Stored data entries
• • •

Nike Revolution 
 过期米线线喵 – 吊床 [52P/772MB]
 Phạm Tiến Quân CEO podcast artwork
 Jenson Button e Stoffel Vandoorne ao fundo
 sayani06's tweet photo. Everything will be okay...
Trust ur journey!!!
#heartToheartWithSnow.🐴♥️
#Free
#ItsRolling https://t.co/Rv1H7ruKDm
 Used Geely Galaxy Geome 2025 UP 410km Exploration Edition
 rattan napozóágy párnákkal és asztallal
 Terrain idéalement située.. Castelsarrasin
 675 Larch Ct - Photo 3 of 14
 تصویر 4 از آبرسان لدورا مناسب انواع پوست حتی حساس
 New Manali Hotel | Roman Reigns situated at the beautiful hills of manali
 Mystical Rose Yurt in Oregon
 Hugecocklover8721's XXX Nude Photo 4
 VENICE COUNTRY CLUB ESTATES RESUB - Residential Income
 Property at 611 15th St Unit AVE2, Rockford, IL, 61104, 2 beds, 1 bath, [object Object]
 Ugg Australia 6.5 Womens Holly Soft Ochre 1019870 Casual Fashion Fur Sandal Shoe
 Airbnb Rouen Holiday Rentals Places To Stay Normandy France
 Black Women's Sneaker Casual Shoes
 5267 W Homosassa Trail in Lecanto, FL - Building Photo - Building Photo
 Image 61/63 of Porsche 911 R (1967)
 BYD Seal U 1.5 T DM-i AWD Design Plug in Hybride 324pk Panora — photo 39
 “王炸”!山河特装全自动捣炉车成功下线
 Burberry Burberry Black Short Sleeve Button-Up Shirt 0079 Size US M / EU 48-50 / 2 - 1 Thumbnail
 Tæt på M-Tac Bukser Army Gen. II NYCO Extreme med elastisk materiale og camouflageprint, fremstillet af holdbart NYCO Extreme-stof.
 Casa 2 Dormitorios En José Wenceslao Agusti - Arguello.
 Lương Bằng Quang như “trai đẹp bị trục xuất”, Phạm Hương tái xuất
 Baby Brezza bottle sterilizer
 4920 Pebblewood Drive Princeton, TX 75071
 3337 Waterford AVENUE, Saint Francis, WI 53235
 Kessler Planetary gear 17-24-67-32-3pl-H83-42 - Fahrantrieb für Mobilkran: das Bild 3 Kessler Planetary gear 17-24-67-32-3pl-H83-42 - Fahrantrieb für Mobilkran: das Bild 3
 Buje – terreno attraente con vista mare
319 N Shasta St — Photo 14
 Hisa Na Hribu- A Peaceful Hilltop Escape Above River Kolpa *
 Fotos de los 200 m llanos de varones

• • •

The problem: The data above should be reproduced in full and exactly.

Task answer:
Nike Revolution 
 过期米线线喵 – 吊床 [52P/772MB]
 Phạm Tiến Quân CEO podcast artwork
 Jenson Button e Stoffel Vandoorne ao fundo
 sayani06's tweet photo. Everything will be okay...
Trust ur journey!!!
#heartToheartWithSnow.🐴♥️
#Free
#ItsRolling https://t.co/Rv1H7ruKDm
 Used Geely Galaxy Geome 2025 UP 410km Exploration Edition
 rattan napozóágy párnákkal és asztallal
 Terrain idéalement située.. Castelsarrasin
 675 Larch Ct - Photo 3 of 14
 تصویر 4 از آبرسان لدورا مناسب انواع پوست حتی حساس
 New Manali Hotel | Roman Reigns situated at the beautiful hills of manali
 Mystical Rose Yurt in Oregon
 Hugecocklover8721's XXX Nude Photo 4
 VENICE COUNTRY CLUB ESTATES RESUB - Residential Income
 Property at 611 15th St Unit AVE2, Rockford, IL, 61104, 2 beds, 1 bath, [object Object]
 Ugg Australia 6.5 Womens Holly Soft Ochre 1019870 Casual Fashion Fur Sandal Shoe
 Airbnb Rouen Holiday Rentals Places To Stay Normandy France
 Black Women's Sneaker Casual Shoes
 5267 W Homosassa Trail in Lecanto, FL - Building Photo - Building Photo
 Image 61/63 of Porsche 911 R (1967)
 BYD Seal U 1.5 T DM-i AWD Design Plug in Hybride 324pk Panora — photo 39
 “王炸”!山河特装全自动捣炉车成功下线
 Burberry Burberry Black Short Sleeve Button-Up Shirt 0079 Size US M / EU 48-50 / 2 - 1 Thumbnail
 Tæt på M-Tac Bukser Army Gen. II NYCO Extreme med elastisk materiale og camouflageprint, fremstillet af holdbart NYCO Extreme-stof.
 Casa 2 Dormitorios En José Wenceslao Agusti - Arguello.
 Lương Bằng Quang như “trai đẹp bị trục xuất”, Phạm Hương tái xuất
 Baby Brezza bottle sterilizer
 4920 Pebblewood Drive Princeton, TX 75071
 3337 Waterford AVENUE, Saint Francis, WI 53235
 Kessler Planetary gear 17-24-67-32-3pl-H83-42 - Fahrantrieb für Mobilkran: das Bild 3 Kessler Planetary gear 17-24-67-32-3pl-H83-42 - Fahrantrieb für Mobilkran: das Bild 3
 Buje – terreno attraente con vista mare
319 N Shasta St — Photo 14
 Hisa Na Hribu- A Peaceful Hilltop Escape Above River Kolpa *
 Fotos de los 200 m llanos de varones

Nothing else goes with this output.